Ich höre ihr gern zu, wenn sie über die Ottensen-Eltern hetzt und über deren Selbstzufriedenheit

Es scheint einen Unterschied zu machen, ob man Friseuse oder Friseurin sagt, aber da ich nie begriffen habe welchen eigentlich, sage ich weiter Friseurin. Meine Friseurin weiß was sie tut. Sie schickt Kunden, die ihr über Gebühr auf die Nerven gehen weg und wenn sie findet, dass man keinen neuen Haarschnitt braucht, sagt sie: „Du kannst dein Geld woanders verschleudern.“

Meine Friseurin war früher einmal Punk in Berlin und morgens trabte sie vom besetzten Haus zu einem feinen Friseursalon auf dem Ku’damm, wo sie eine Rüschenbluse trug.

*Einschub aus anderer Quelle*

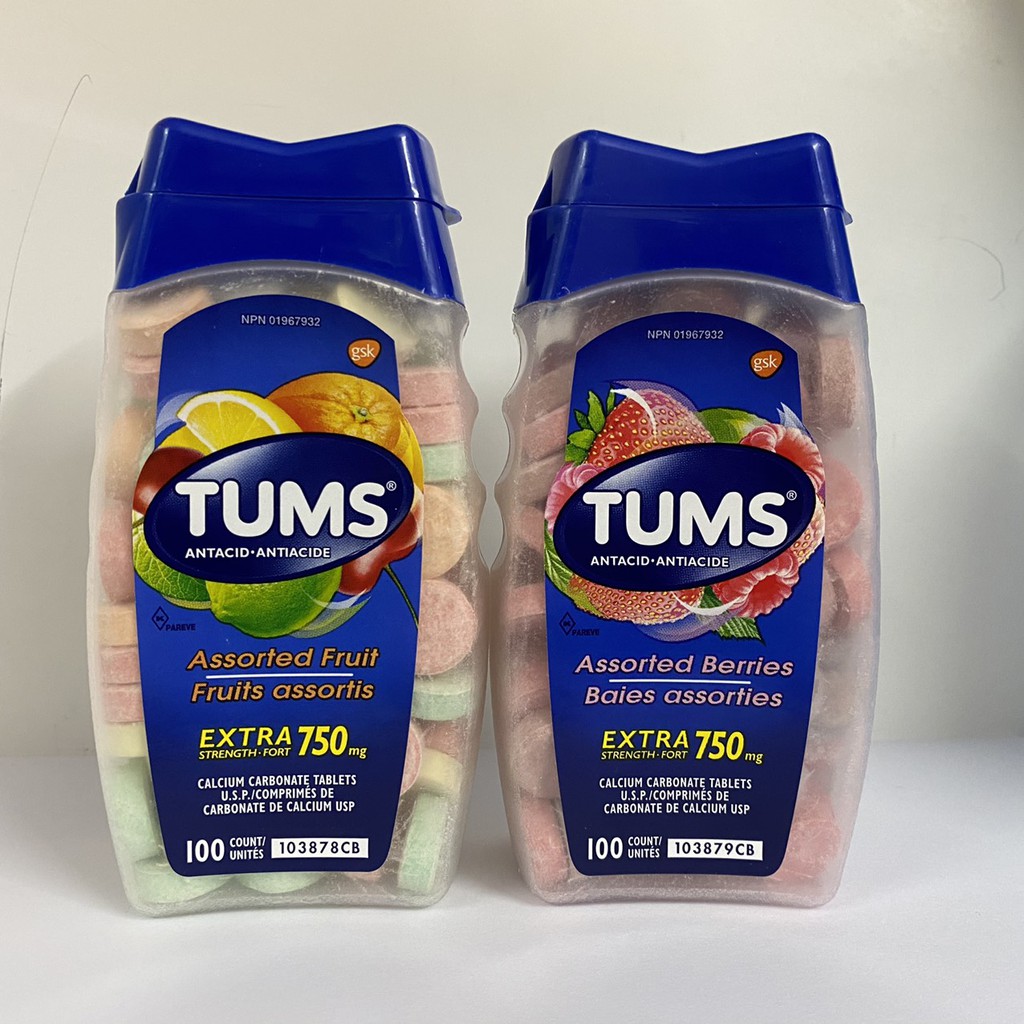 Kẹo Trái cây Tums Extra Strength Smoothies 100 viên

Würde ich sie auf der Straße treffen, sähe ich ihr hinterher, denn sie ist bemerkenswert schön. Sie trägt oft Clogs und manchmal ein blau-weiß gepunktetes Kleidchen, vielleicht an Tagen, die der Aufmunterung bedürfen.

Meine Friseurin ist eine Feindin der Schickeria und ich höre ihr gern zu, wenn sie über die Ottensen-Eltern hetzt und die Selbstzufriedenheit, mit der sie ihre Kinder mit sich führen. Es muss in diesem Status-Elend-Zusammenhang gewesen sein, dass sie mir von einem Kollegen von früher erzählte. Es war sein erster Tag in einem feinen Salon und niemand beachtete ihn. Da setzte er sich hin, machte Mittagspause, kaute sein Brot und öffnete plötzlich den Mund in die Stille um ihn her. „Ich habe 60 Hosen“, sagte er. Aber alle taten sehr beschäftigt und niemand antwortete ihm.